Jim Wasley
A passion for designing urban waterscapes
Meet Jim Wasley, a professor of architecture at UW-Milwaukee who describes himself as an ecological designer. He is one of three artists or designers who will engage the public along E. Greenfield Avenue.
For more than a decade, Jim has studied and promoted green stormwater infrastructure across Milwaukee from the UWM main campus to the Harbor District. His urban design work has spanned scales from individual buildings to whole neighborhoods. His current work zooms out even further to the citywide scale, considering post-industrial redevelopment opportunities that integrate water across multiple Great Lakes port cities including Buffalo, Cleveland, and Toronto.
Jim considers cities as tapestries whose design benefits from a balance of elements—including nature-inspired green space and smart water management—at multiple scales.

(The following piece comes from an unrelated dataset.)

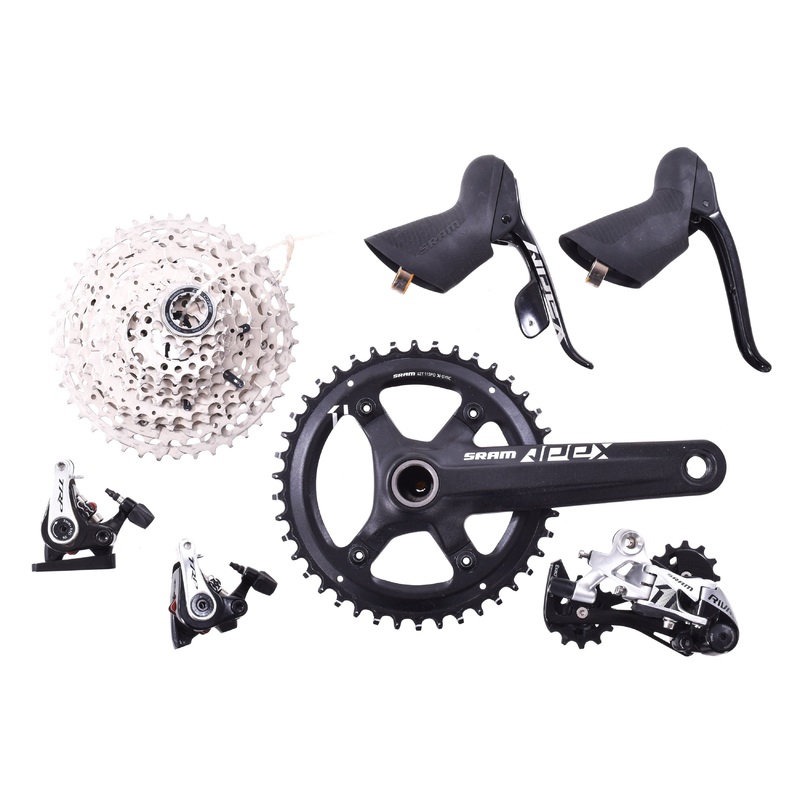 USED SRAM Apex/Rival 1×11 speed Groupset 165mm 42T GXP Crank w/ TRP Spyre Flatmount Mechanical Brakes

“It’s more about the city as a whole, and the desire to re-weave ecological processes into the city, to make rivers healthy. The idea of rivers being fishable and swimmable—which was articulated in the 1970s and [is] still a kind of dream we're marching toward and still haven't achieved in cities like Milwaukee...”
Jim served as local environmental liaison to Mary Miss when she designed Milwaukee’s Riverwalk in the 1990s. When Mary returned to Milwaukee for WaterMarks, Jim advocated that she focus on the inner harbor area.
From 2010 through 2013, Brico Fund supported Jim's work exploring how Milwaukee’s inner harbor could be transformed in the spirit of post-industrial port cities like Copenhagen, Hamburg, and Malmö, Sweden. He led UWM architecture students in design activities that culminated in architectural conceptual designs intended to inspire green redevelopments. Jim’s work laid the groundwork for the public Water and Land Use Plan subsequently developed and promoted by Harbor District, Inc., the city-aligned nonprofit whose mission is to catalyze a world-class revitalized harbor integrating triple-bottom-line benefits.
“This is what the best of urban design work is doing: solving these stormwater problems, building on these brownfield sites in ways that create ecological habitat,” Jim says. “Where we think it’s only contaminated land it’s suddenly a lush environment. There’s nothing to me more exciting than thinking about that transformation. And the whole harbor should be that way. I think what the Harbor District has accomplished, with their public process master plan and what they got through City Hall, pushes in that direction.”
Jim also got the opportunity to collaborate with preeminent “ecological waterscapes designer” Herbert Dreiseitl to co-teach a studio considering how to integrate water into urban design along E. Greenfield Avenue. Dreiseitl’s design for Potsdamer Platz in Berlin served as the inspiration for Wasley’s design for the fountain at Freshwater Plaza, which marks the northeast corner of First and Greenfield as a gateway to the “Harbor Campus” consisting of the School of Freshwater Sciences at the water’s edge. Both systems are designed to make stormwater present to the public and to clean it without chemical means.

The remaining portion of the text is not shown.